# 1000 lb totes



## nsmilligan (Dec 21, 1999)

My local magic disributor has magic salt availible in 1000lb totes, at quite a saving. Have anybody out there had experience with handling these puppies? At this point I don't have a loader,
any ideas would be welcome.

Bill


----------



## OriginalSnowman (Feb 6, 2002)

*Super sacks*

If you don't have a loader, and you are not the strongest man in the world, then I can't see where a 1,000 lb. bag is going to help you more than 25 kg or 50 lb. bags at any amount of savings. It would seem to be a negative since now you have a giant sack and have to shovel it out instead of dumping a 50 lb. bag.

Most super sacks are setup with either a central lift point formed by the woven polypropylene outer bag, or, with four lift straps sewn into the corners of the bag to be "speared" by the forks on a forklift or forks hung on your loader (if you had one) bucket. Many have a snorkle on the bottom that is tied and allows the product to flow out but all have to be suspended by something in some way to use them.

There's a new product that's made in Quebec called Calso98 that we used that comes in these super sacks (1000 kg each) and they are great if you are set up to handle them. That product is like aiming a flame thrower at snow and ice! If you take a plastic cup of snow and then dump this product in on top of it, it melts immediately and then gets so hot you can't hold the cup. I mean hotter than a cup of coffee.

You can use a chain and winch to lift them, or a boom truck, or an excavator, or even a 416 can lift them. But without a loader or anything that can lift at least 1,000# (I am guessing that they are 1,000 kg) you are out of luck.


----------



## Chuck Smith (Dec 30, 1999)

If I am not mistaken, a tote is a plastic container. John Parker will be able to answer that question, as he sells Magic, and it is available in totes through him. Even still, 1000lbs is still quite heavy to manage.

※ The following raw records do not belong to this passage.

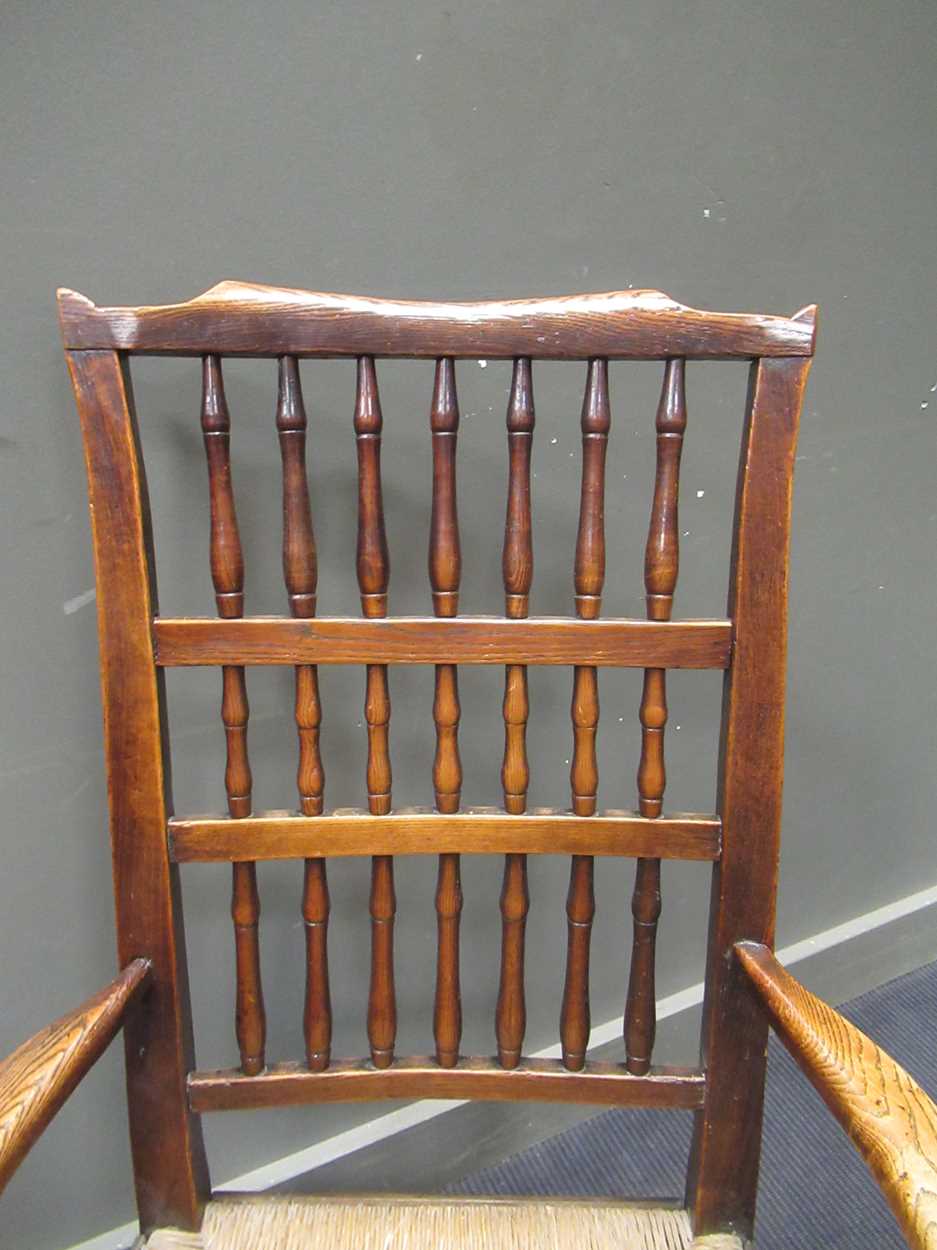 A rush seated stick back rocking chair 108cm high - Image 5 of 5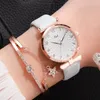 Relógios de moda de punho relógio casual para mulheres flores ladies bracelete conjunto de couro wristwatch relógio presentes 2pcswristwatches wristwatchesw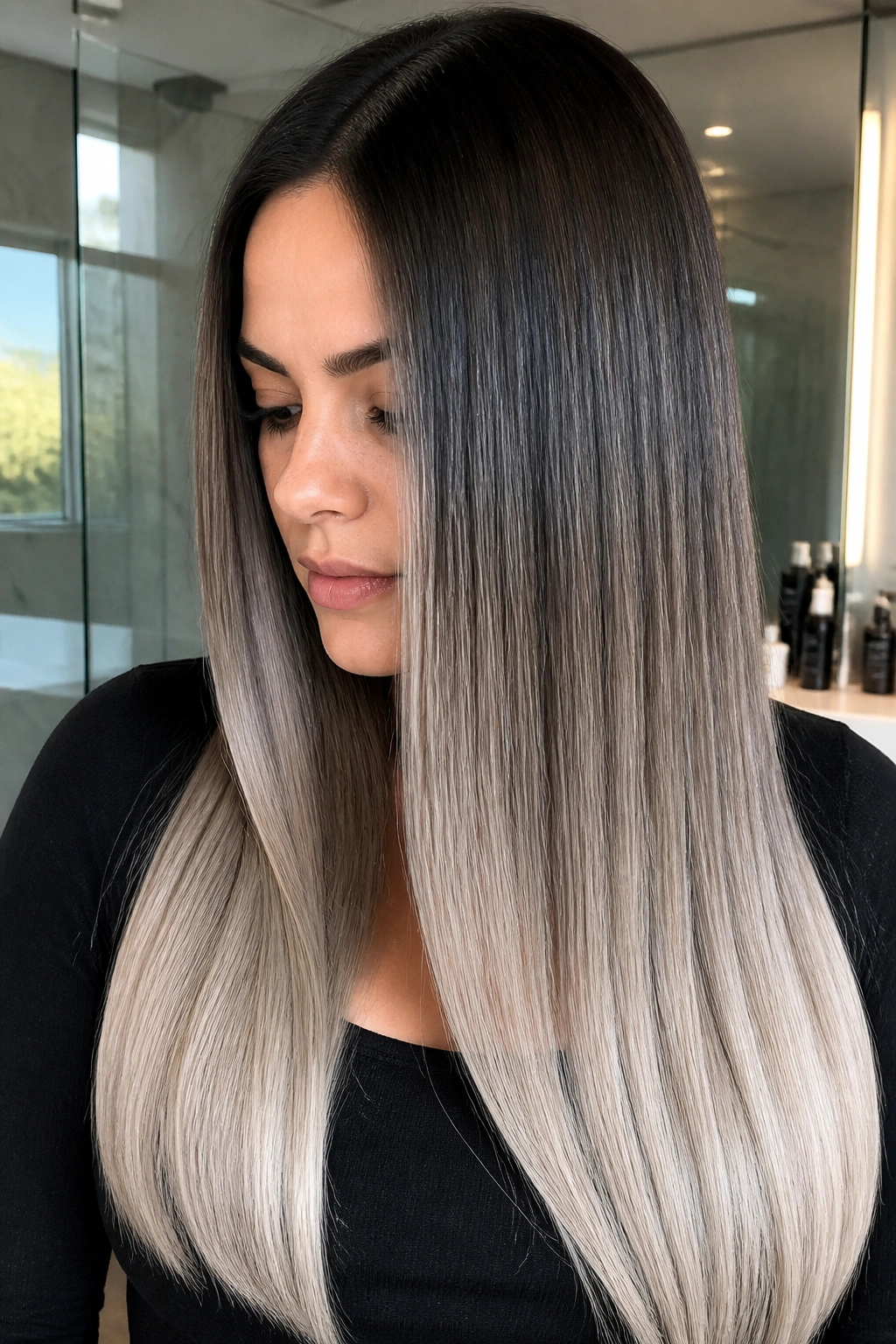 Close-up of real person with glass-shine ash ombre on straight hair.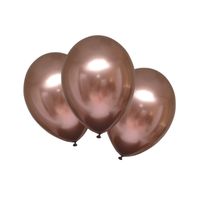 Chrome Ballonnen Rosé Koper luxe - 6 Stuks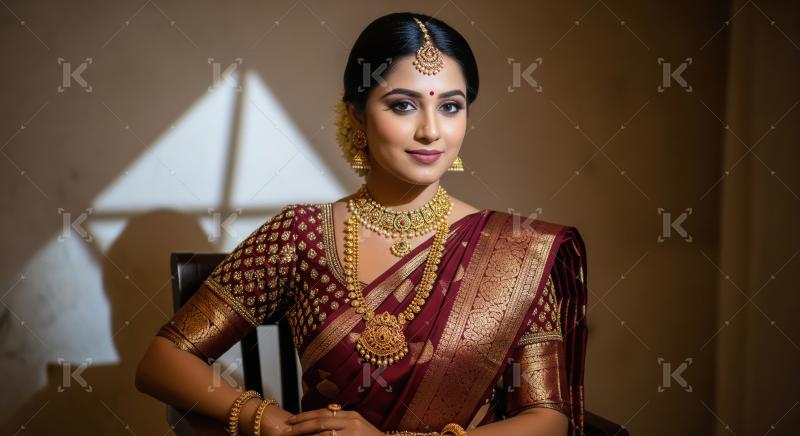 Radiant Indian Bride in Maroon Saree, Exquisite Gold Jewelry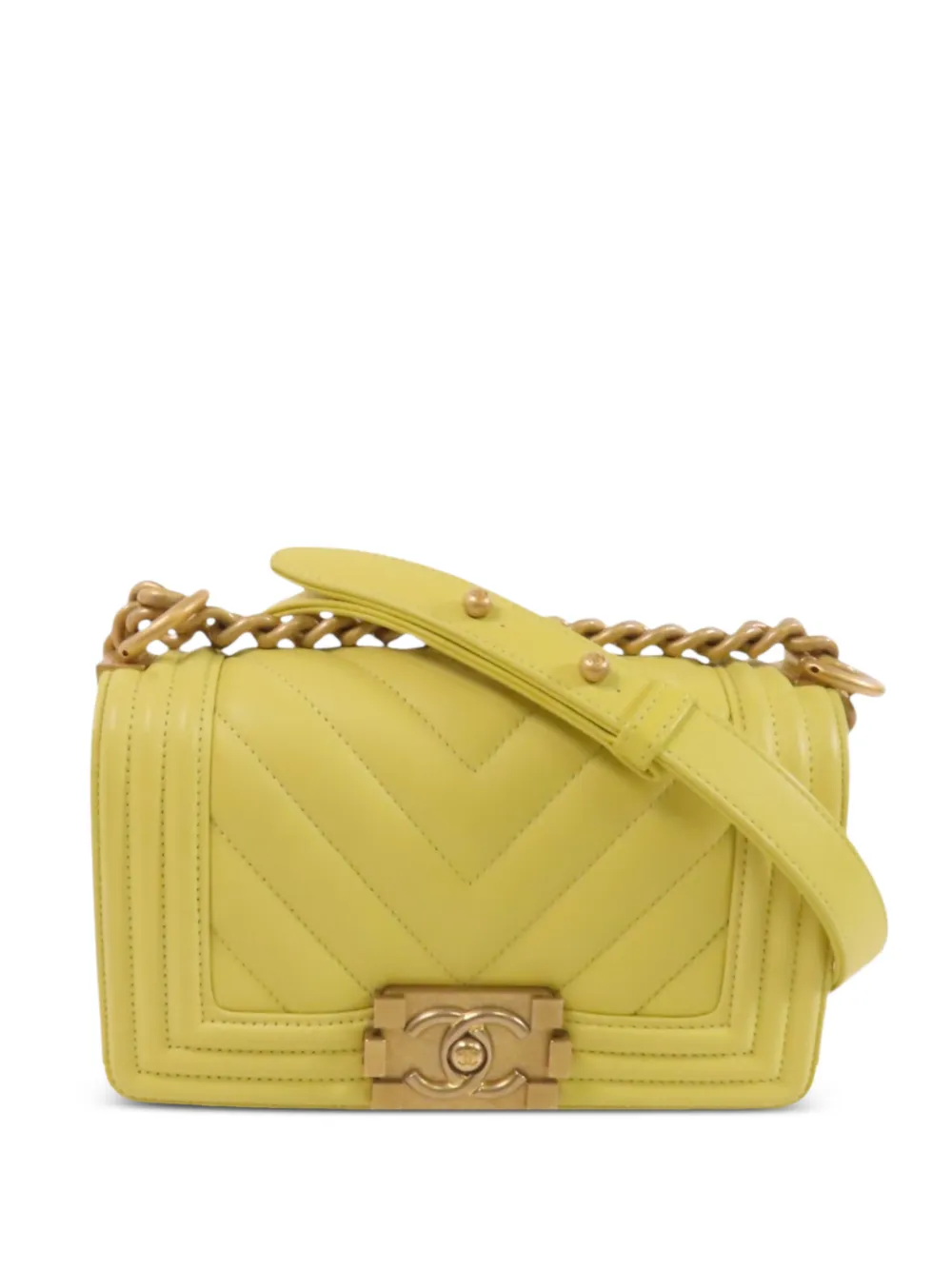 CHANEL Pre-Owned Boy Chanel chain-strap shoulder bag - Giallo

I don't know how you are set up Bill, but if you could build a loading dock, or platform of sorts, totes may be the way to go. Most delivery trucks have a liftgate, so they could at least get it off the truck and onto the platform for you. You could also build a dolly, or buy a set of dollies to move the tote around, again depending on your situation. A dolly won't help much if your storage area is gravel. Look at it this way, a full skid (pallet) is about 2200#. So a pallet jack could handle the weight of a tote, but you'd need a smooth surface for it to roll on. Maybe you can find a used one on ebay?

Another possibility is a large frame with a chainfall on it. Much like guys use to remove V box spreaders.

Can you describe the tote for us? Where would you store them? What kind of spreader(s) are you using? (I know you probably posted your spreader info before).

~Chuck


----------



## nsmilligan (Dec 21, 1999)

These are bags,much like Original Snowman described, since the my original post I've done some checking on equipment, and the monthly rental on a forklift is quite reasonable, and used ones can be pretty cheap ( a couple of thousand bucks). So how many contracts I end up with, will decide if I go this route. It may be warm but already I bid on two contracts for next season, and I will be using Magic this year after such positive results last year.
I'm using a Fisher 1000 tailgate, so if I can get the tote bag in the back of the truck, and shovel from it to the hopper, it should be as fast as cutting open plastic bags and dumping them.
These tote bags would be stored outside in my lot and covered with a tarp until needed

Bill


----------



## nsmilligan (Dec 21, 1999)

Just to update
these tote bags are 1000kgs , 2200 lbs, and they have a spout that can be shut off.
The cost for Magic is less then half, 50# bag price, I do have skidsteer capable of lifting them, anyway have some on the way, I'll post a picture of the loading process when winter arrives.

Bill


----------



## Snoworks (Jan 22, 2002)

Does anyone know of a dealer in the Chicagoland area. I would like to see one of these totes. I have a 75XT skidsteer that would probably handle the weight. Sounds like a good way to save money and create larger profit margin!

Thanks CGB


----------



## Mick (May 19, 2001)

Just as an idea for you - I don't have ready access to Magic and got a load from John P when I went to Poughkeepsie. Instead of hauling back salt, I bought 55 gallon containers of Magic-0. Now I'm going to get a pump that'll fit the container to spray my own pile. Much cheaper and I can get more Magic-coated salt that way. I used a chain fall attached to the garage rafter, then a wooden ramp from the truck to the floor. That way neither the hoist or the ramp had to hold the whole load.


----------



## TurfPlus (Dec 19, 2001)

I have a pic of a tote but it is too big to post. E-mail me if you want it at [email protected]

John


----------



## Chuck Smith (Dec 30, 1999)

Send me the pic. I will resize it and post it here. 

~Chuck


----------



## TurfPlus (Dec 19, 2001)

Thanx Chuck,
Its on its way. Its not the best pic but it will give everyone an idea what they look like. 

John


----------



## Chuck Smith (Dec 30, 1999)

Here it is.


----------



## Snoworks (Jan 22, 2002)

TurfPlus & Chuck - Thanks, it looks like it might work for me!

CGB


----------